The Code at the bottom of the crash dump is 2.5 lines of 'cc cc
...', and I am being told that

<6>zsh[6632] exited with preempt_count 1.

The machine is then pretty much dead. The network interface reports
too much work at the interrupt, and I can still switch virtual
consoles, but I cannot type, and sysrq does not work.

Anyway, I have no more time to work on this, unfortunately.
Hopefully my analysis helps to solve that problem.

--
martin; (greetings from the heart of the sun.)
\____ echo mailto: !#^."<*>"|tr "<*> mailto:" net@madduck

invalid/expired pgp subkeys? use subkeys.pgp.net as keyserver!
spamtraps: [email protected]

"there are two major products that come out of berkeley: lsd and unix.
we don't believe this to be a coincidence."
-- jeremy s. anderson


Attachments:
(No filename) (2.94 kB)
signature.asc (189.00 B)
Digital signature
Download all attachments

2005-02-09 22:14:07

by Pavel Machek

[permalink] [raw]
Subject: Re: swsusp logic error?

Hi!

> I am trying to get swsusp working on a 2.6.10 Debian kernel
> (2.6.10-1-686, custom compile, enabling only CONFIG_SOFTWARE_SUSPEND
> and leaving CONFIG_PM_STD_PARTITION empty) on this Sony Vaio Z1RSP
> Centrino 1.7 Pentium M laptop... without much success.

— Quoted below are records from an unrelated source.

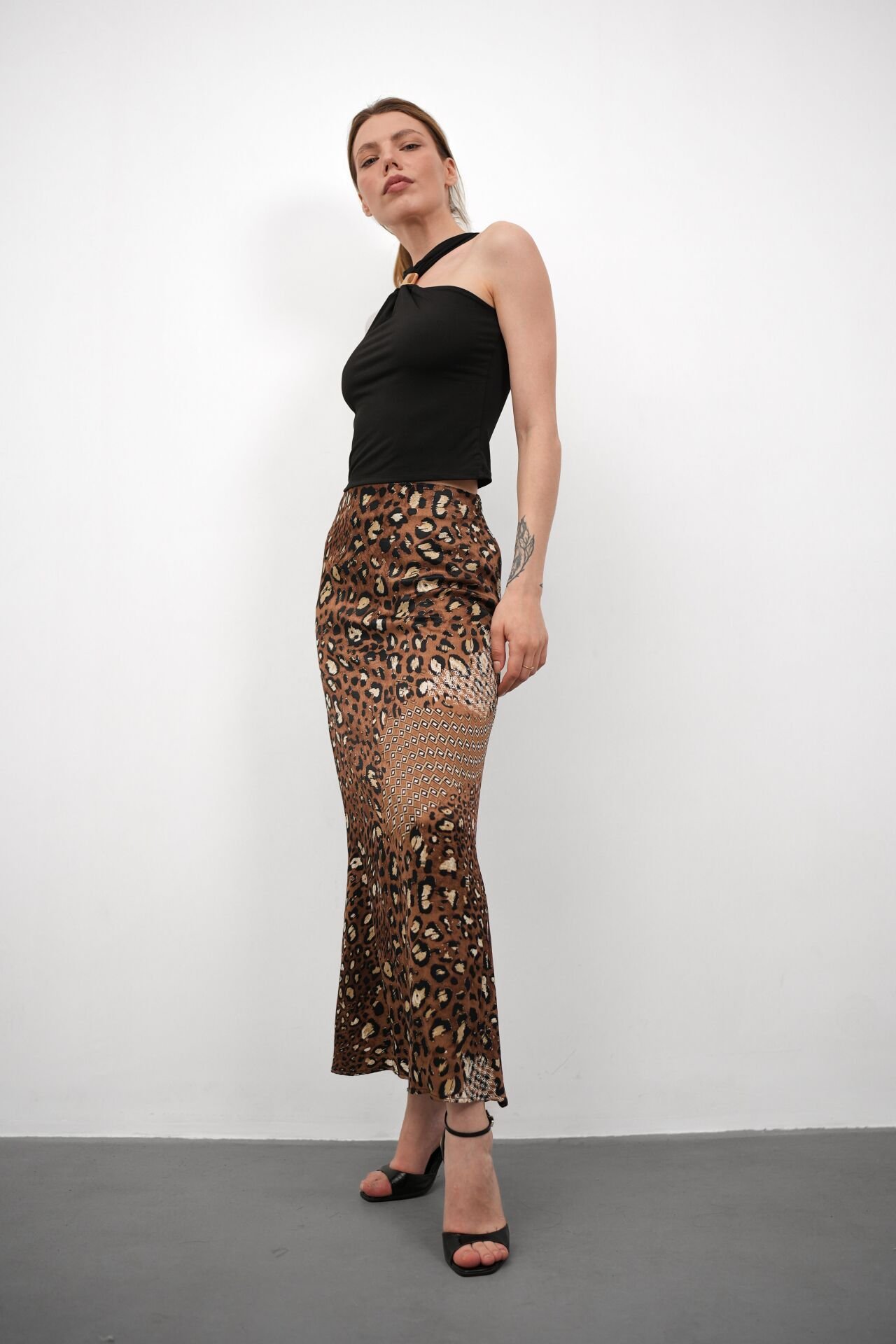 Kadın Uzun Desenli Saten Etek M - KOD-5 KREMİT LEPOR DESENLİ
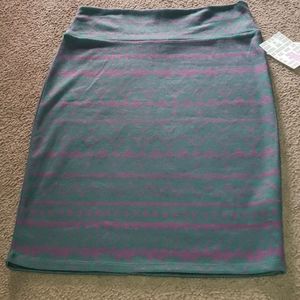 "CASSIE" LULAROE SKIRT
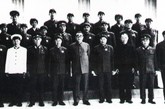 1978年中央军委常委、国防部副部长粟裕率中国军事代表团访问朝鲜。前排左四起粟裕大将、金日成主席、杨得志上将。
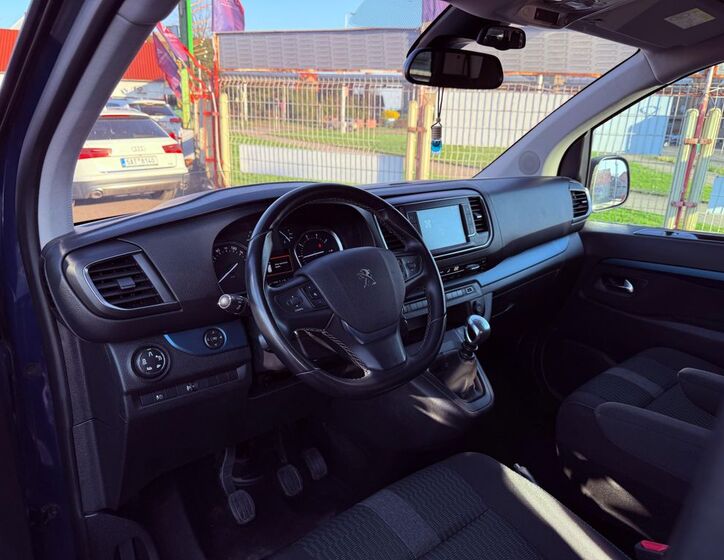 Peugeot Traveller 12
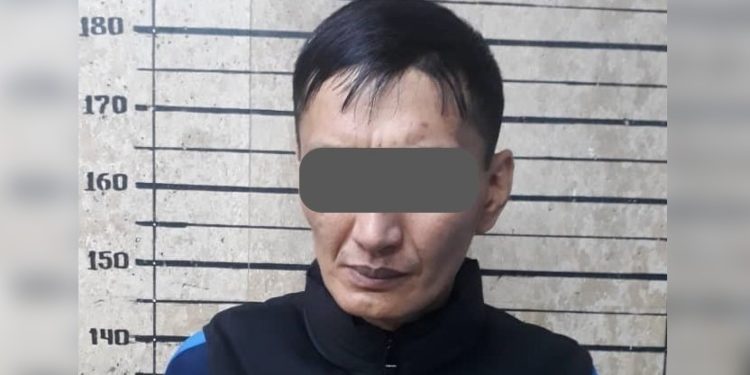 Кичи автобуста жүргүнчүнү тоногон шектүү тергөөчүнүн бөлмөсүндө чыр чыгарды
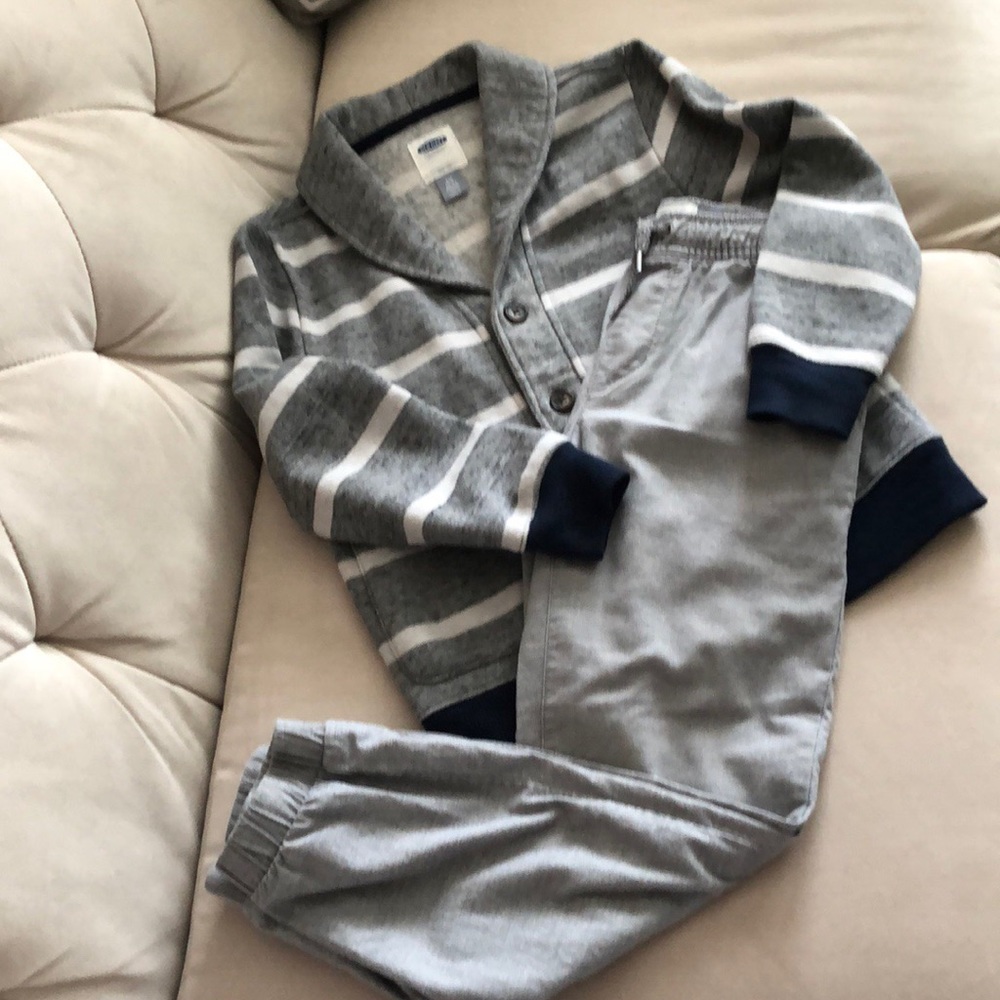 Old Navy Jogger and Sweater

Whenever
> I enter swsusp mode, the kernel reports that it cannot find the swap
> space and aborts.

Try doing it on vanilla, just one swapfile, and pass
resume=/dev/your_swapdevice.

Oh, and cc me next time if you want faster reply...
Pavel
--
People were complaining that M$ turns users into beta-testers...
...jr ghea gurz vagb qrirybcref, naq gurl frrz gb yvxr vg gung jnl!

2005-02-27 10:50:42

by martin f krafft

[permalink] [raw]
Subject: Re: swsusp logic error?

Sorry for the late reply, I've been strung up with work. I tried
your suggestion on another machine, with a vanilla 2.6.10 kernel and
a single swap device, twice the size of the physical RAM; I get
exactly the same result. The swap device cannot be found.

What to try next?

--
martin; (greetings from the heart of the sun.)
\____ echo mailto: !#^."<*>"|tr "<*> mailto:" net@madduck

invalid/expired pgp subkeys? use subkeys.pgp.net as keyserver!
spamtraps: [email protected]

to err is human - to moo, bovine


Attachments:
(No filename) (537.00 B)
signature.asc (189.00 B)
Digital signature
Download all attachments

2005-02-27 17:04:51

by Pavel Machek

[permalink] [raw]
Subject: Re: swsusp logic error?

Hi!

> Sorry for the late reply, I've been strung up with work. I tried
> your suggestion on another machine, with a vanilla 2.6.10 kernel and
> a single swap device, twice the size of the physical RAM; I get
> exactly the same result. The swap device cannot be found.
>
> What to try next?

Ugh, too late, I already forgot what went wrong for you. Anyway try
reading Documentation/power/swsusp.txt and/or going to 2.6.11-rc4. If
that does not help, debug with printk :-).
Pavel
--
People were complaining that M$ turns users into beta-testers...
...jr ghea gurz vagb qrirybcref, naq gurl frrz gb yvxr vg gung jnl!

2005-02-27 17:54:15

by Pavel Machek

[permalink] [raw]
Subject: Re: swsusp logic error?

Hi!

> > Ugh, too late, I already forgot what went wrong for you. Anyway
> > try reading Documentation/power/swsusp.txt and/or going to
> > 2.6.11-rc4. If that does not help, debug with printk :-).
>
> I already did the first two. I will try 2.6.11-rc4 now.
>
> Please check my first post, if you have the time:
>
> http://marc.theaimsgroup.com/?l=linux-kernel&m=110789536921510&w=2

Ok, this one.

I do not know what is going wrong. swsusp seems to work for
people... or at least it works for me. Here's my .config, perhaps you
have something unusual?

I do have CONFIG_PM_STD_PARTITION="/dev/hda1", perhaps that's
neccessary?
Pavel
--
People were complaining that M$ turns users into beta-testers...
...jr ghea gurz vagb qrirybcref, naq gurl frrz gb yvxr vg gung jnl!

2005-02-27 17:54:16

by martin f krafft

[permalink] [raw]
Subject: Re: swsusp logic error?

also sprach Pavel Machek <[email protected]> [2005.02.27.1804 +0100]:
> Ugh, too late, I already forgot what went wrong for you. Anyway
> try reading Documentation/power/swsusp.txt and/or going to
> 2.6.11-rc4. If that does not help, debug with printk :-).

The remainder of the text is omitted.